Прочел (перечел) «Дневник Башкирцевой». […] Все говорит о своей удивительной красоте, а на портрете при этой книжке совсем нехороша. Противное и дурацкое впечатление производит ее надменно-вызывающий, холодно-царственный вид. Вспоминаю ее брата, в Полтаве, на террасе городского сада. Наглое и мрачное животное, в башке что-то варварски-римское. Снова думаю, что слава Б., (основанная ведь больше всего на этом дневнике,) непомерно раздута. Снова очень непр[иятный] осадок от этого дневника.
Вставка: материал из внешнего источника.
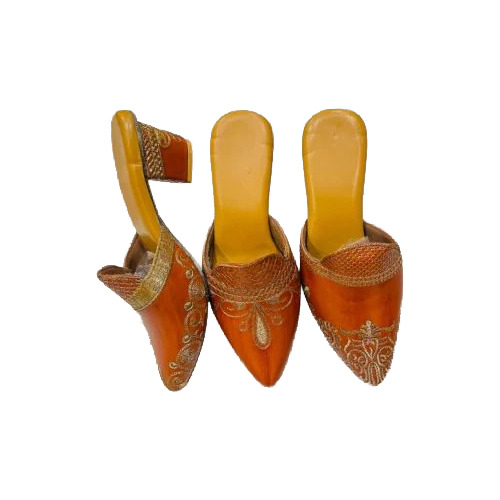Women Casual/Formal Synthetic Leather Muls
Письма ее к Мопас[сану] задирчивы, притязательны, неуверены, несмотря на все ее самомнение, сбиваются из тона в тон, путаются и [в] конце концов пустяковы. Дневник просто скучен. Французская манера писать, книжно умствовать; и все — наряды, выезды, усиленное напоминание, что были такие-то и такие-то депутаты, графы и маркизы, самовосхваление и снова банальные мудрствования. […]
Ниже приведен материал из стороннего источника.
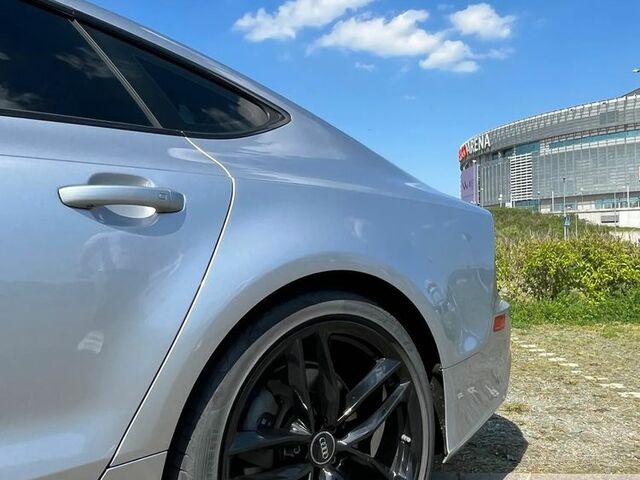 Ауді A7 Sportback, об'ємом двигуна 3 л та пробігом 96 тис. км за 31166 $, фото 8 на Automoto.ua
Мой почерк истинное наказание для меня. Как тяжко и безобразно ковыляю я пером. И всегда так было — лишь иногда немного иначе, легче.

Душевная и умственная тупость, слабость, литературное бесплодие все продолжается. Уж как давно я великий мученик, нечто вроде человека, сходящего с ума от импотенции. Смертельно устал, — опять таки уж очень давно, — и все не сдаюсь. Должно быть, большую роль сыграла тут война, — какое великое душевное разочарование принесла она мне!

24 уехала Вера, на тройке, на Становую. Мы с Колей на бегунах провожали ее до поворота на Озерскую дорогу. […]

Коля по вечерам мне читает. […] Продолжаем «Мелкого беса»10. Тоже хорош! Не запомню более скучной, однообразной книги. […] В стихах у него был когда-то талант. […]

28 Октября 16 г.

Почти весь день тихо, тепло, туман. Ходил с ружьем за голубями. Кисловато пахнет гнилью трав и бурьянов, землей.

Ночь изумительная, лунная. Гуляли, дошли до Пушешниковского леса. Вдали, низко по лесной лощине, туман — так бело и густо, как где-нибудь в Нижегородской губ.

29 Октября 16 г.

Не запомню такого утра. Ездили кататьсяобычный путь через Пушешниковский лес, потом мимо Победимовых. С утра был иней на деревьях. Так удивительно хорошо все, точно это не у нас, а где-нибудь в Тироле.

Писать не о чем, не о чем!

4 Декабря 16 г.

Четыре с половиной часа. Зажег лампу. За окнами все дивно посинело. Точно вставлены какие-то сказочные зелено-синие стекла.

Вчера прекрасный морозный вечер. Кривоногие китайцы коробейники. Называли меня «дядя».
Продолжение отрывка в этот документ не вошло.